CUBLAS swap_kernel (cublasSwapParams): mysterious most inefficient kernel

Dear all,

In my CUDA program, I use cuBLAS quite extensively for matrix operations.
When I use nVidia Visual Profiler to analyse the program, the most inefficient kernel turns out to be:

void swap_kernel<float, int=0>(cublasSwapParams<float>)

This kernel was called more than 50000 times in my program, and it ranks 100 (i.e. most inefficient) in the list of “kernel optimization Priorities”.

I guess this is an internal function of CUBLAS, but I couldn’t find any information about it.

Could someone give me some hints on the purpose of this kernel? It is called by which CUBLAS function?

This is a screenshot of the profiler when I analyze the kernel:


You might want to find out where swap_kernel() is invoked.

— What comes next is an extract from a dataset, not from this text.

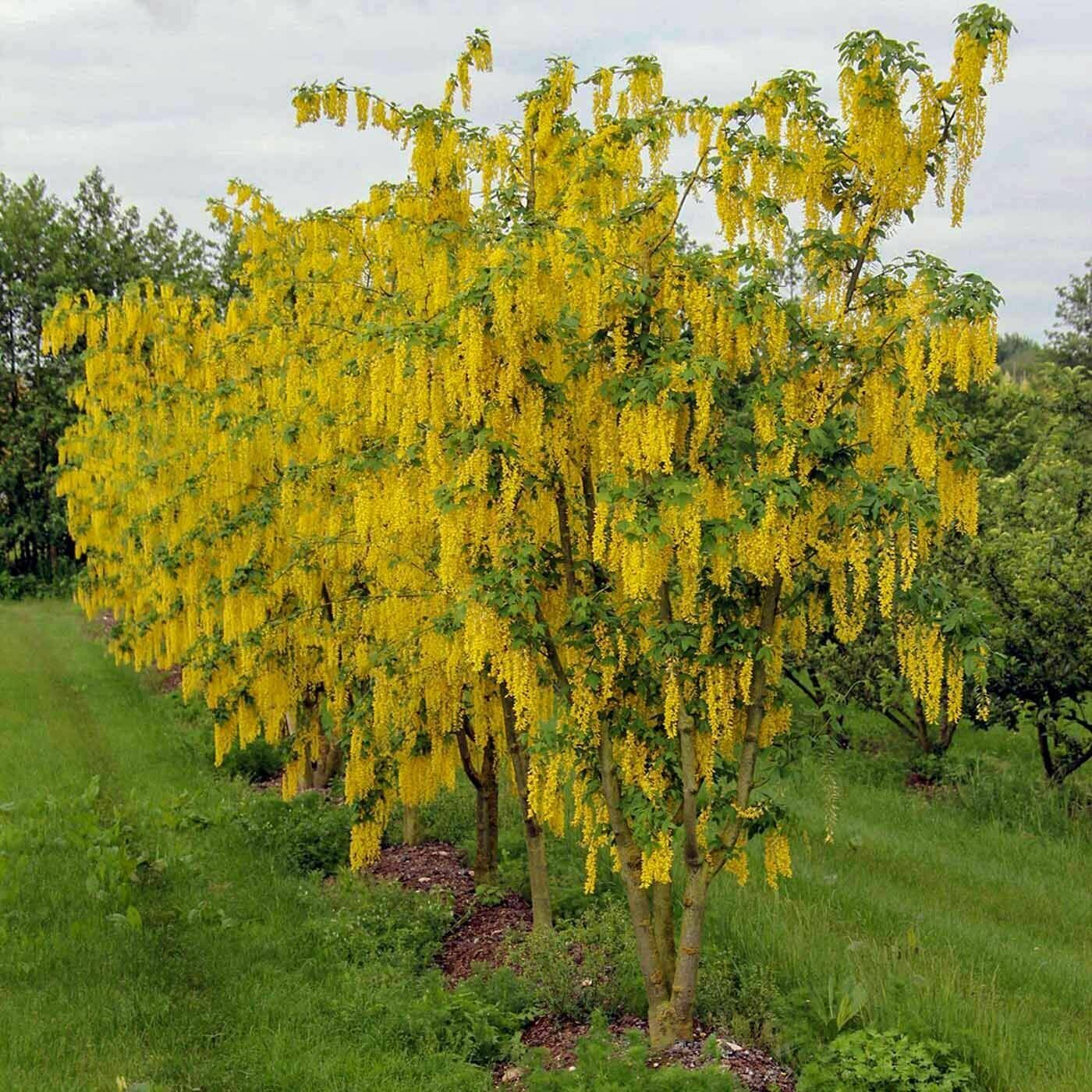 Бобовник "Золотой дождь" (Laburnum anagyroides) 10 штук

Use of the debugger could be helpful in this process.

Is your application code calling cublas[S|D|C|Z]swap() by any chance? I see you are using Thrust, is that calling cublas[S|D|C|Z]swap() somewhere?

Yes, you are right. I use cublasSswap() in my code, and even worse, it’s called inside a loop!
I wrote a new kernel to replace the whole functionality that was implemented by cubasSswap(). It works well now. The program runs much faster and swap_kernel() doesn’t show up in the profiler anymore.